Nimmt man die Hinz’schen Maßstäbe zur Grundlage weiteren Handelns, werden Pferdesportler künftig erhebliche Probleme erhalten, denn die geforderten Flächen können platzmäßig nicht überall in gleichem Maße angeboten werden. Wobei jeder Fachkundige weiß, dass die vielen Reitvereine genauso wie die Vereine, die den unterschiedlichen Pferdesportverbänden angeschlossen sind, schon aus eigenem Interesse alles daransetzen, ihre Tiere in einem optimalen Zustand zu halten.

Bedeutung für die Region

Neben der Tradition des Pferdesports in Dillenburg und in der Region gibt es natürlich handfeste wirtschaftliche Argumente. Es geht um Arbeitsplätze, es geht um Ausbildungsplätze, um die Attraktivität des Standortes Dillenburg und der Region. Es geht um Fremdenverkehr und Tourismus, um wirtschaftliche Überlegungen und auch um die Kooperation des Gestüts mit Vereinen, mit Schulen. Es geht um tiergestützte Pädagogik und Medizin. Kurzum, viele Argumente sprechen für den Erhalt.

Eine Region wehrt sich

Es sei für ihn sehr beeindruckend, so Irmer, dass es eine Petition gebe, mittlerweile von rund 50.000 Menschen in der Kürze der Zeit unterzeichnet, die sich für den Erhalt einsetzen, und zwar nicht nur aus der unmittelbaren Region, sondern auch darüber hinaus, dass es aktuell geschätzte 7000 oder mehr Unterschriften gebe, die sich für den Erhalt einsetzen, dass die Nachbarschaftsstädte und CDU-Verbände, ob in Herborn, Haiger, Sinn, sich ebenfalls klar für Dillenburg aussprechen und alle anderen sonstigen Konkurrenzgedanken hintenanstellen. Sein Dank gelte auch der besonders aktiven CDU in Dillenburg, aber auch der SPD vor Ort, die sich, ebenso wie die Dillenburger Grünen gegen die Schließung ausgesprochen haben.
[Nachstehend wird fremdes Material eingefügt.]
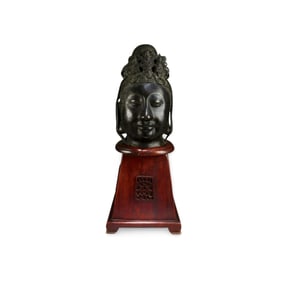Antique Bronze Guanyin Head, Ming Dynasty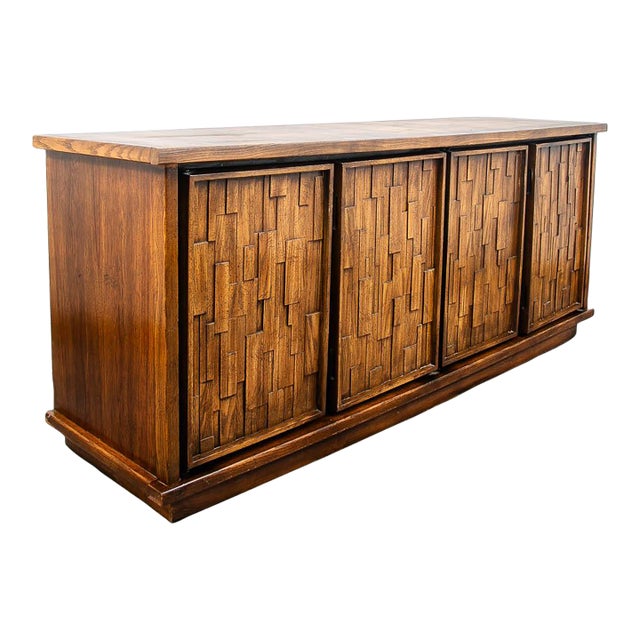 Mid Century Modern Credenza Dresser Cabinet Oak Brutalist 8 Drawer Wood MCM For Sale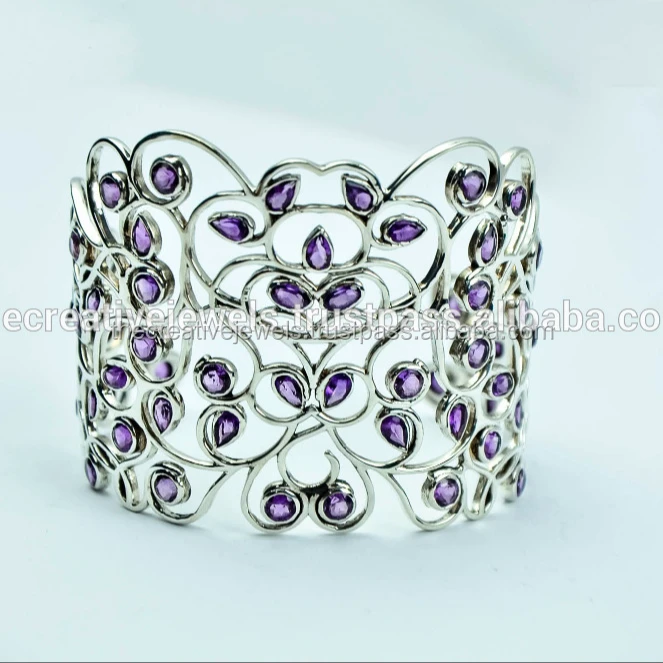 Designer Flower 925 Sterling Silver Cuff Bracelet in Amethyst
Er sei, so wie es auch Herborns Stadtverordnetenvorsteher Jörg Michael Müller bei der Demo ausgeführt habe, gegen die Schließung. Dies sei nicht nur ein kulturhistorischer Frevel und geschichtslos. Es sei auch schädlich für Stadt und Region. Daher erteile er entsprechenden Schließungsabsichten aus dem Hause Hinz eine klare und unmissverständliche Absage.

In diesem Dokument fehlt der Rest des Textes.